### EXERCISE DETAILS:
Would you please repeat all of the data exactly, omitting the pictures?

====== DATASET EXCERPTS

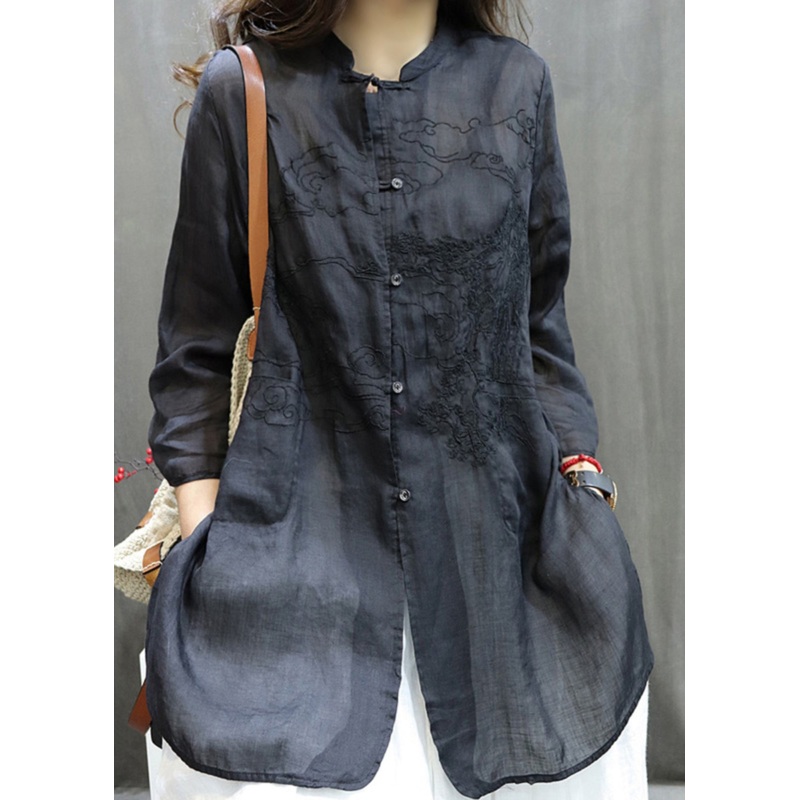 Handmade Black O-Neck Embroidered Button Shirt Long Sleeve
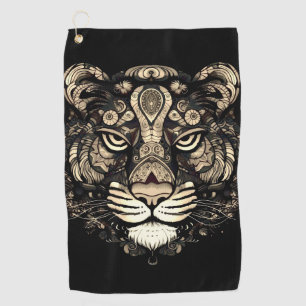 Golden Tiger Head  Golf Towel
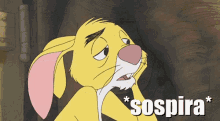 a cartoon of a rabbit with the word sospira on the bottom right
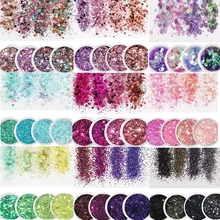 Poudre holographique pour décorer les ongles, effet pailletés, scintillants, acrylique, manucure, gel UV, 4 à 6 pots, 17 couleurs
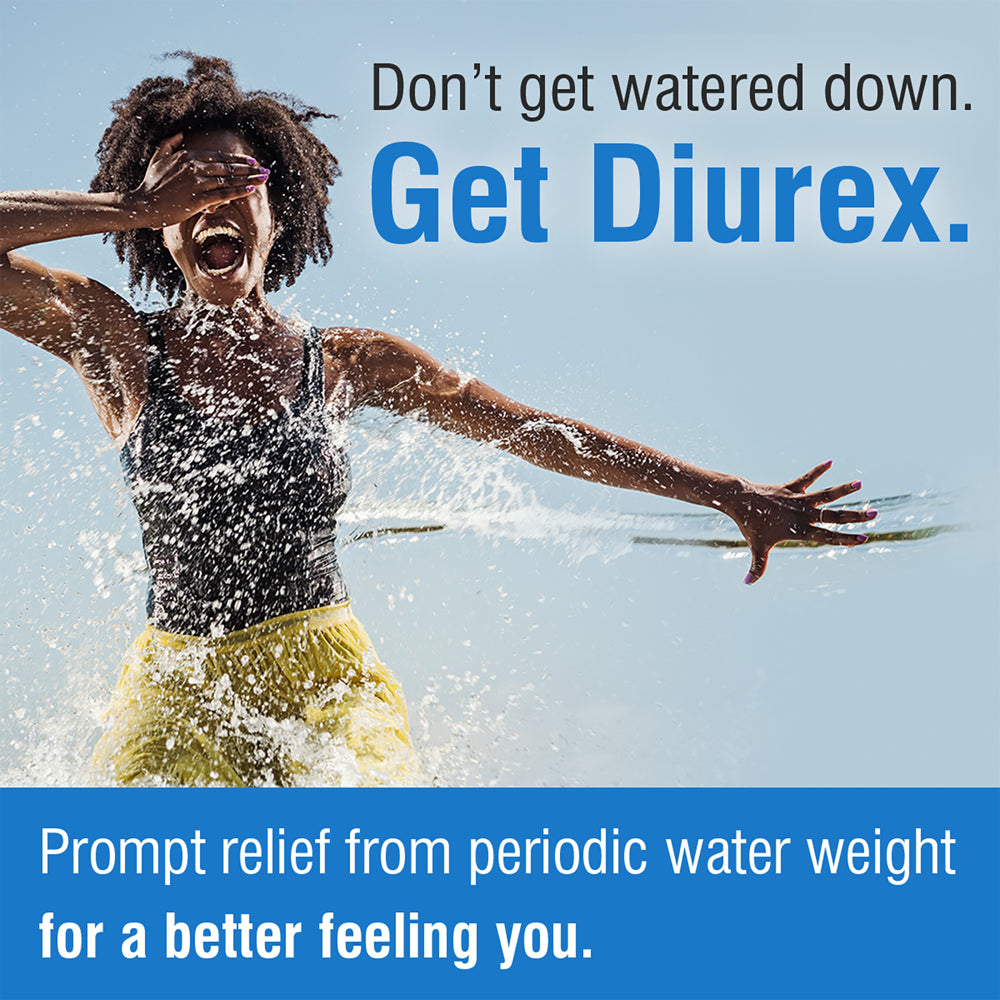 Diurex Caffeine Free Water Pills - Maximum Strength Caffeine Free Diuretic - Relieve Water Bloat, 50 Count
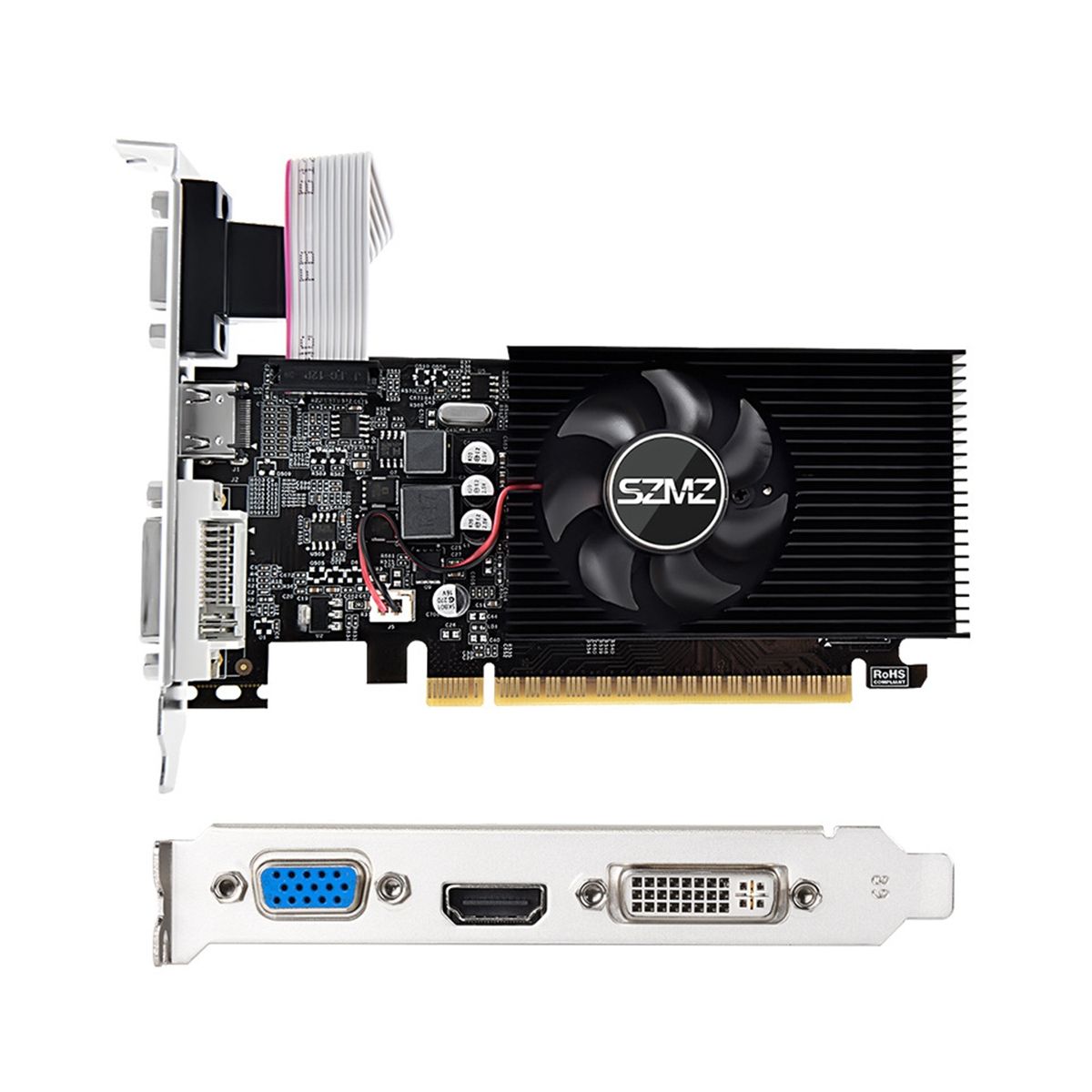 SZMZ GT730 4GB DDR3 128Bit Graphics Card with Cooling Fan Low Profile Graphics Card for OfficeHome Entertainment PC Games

============

### RESULT FOR THIS EXERCISE:
 Handmade Black O-Neck Embroidered Button Shirt Long Sleeve
 Golden Tiger Head  Golf Towel
 a cartoon of a rabbit with the word sospira on the bottom right
 Poudre holographique pour décorer les ongles, effet pailletés, scintillants, acrylique, manucure, gel UV, 4 à 6 pots, 17 couleurs
 Diurex Caffeine Free Water Pills - Maximum Strength Caffeine Free Diuretic - Relieve Water Bloat, 50 Count
 SZMZ GT730 4GB DDR3 128Bit Graphics Card with Cooling Fan Low Profile Graphics Card for OfficeHome Entertainment PC Games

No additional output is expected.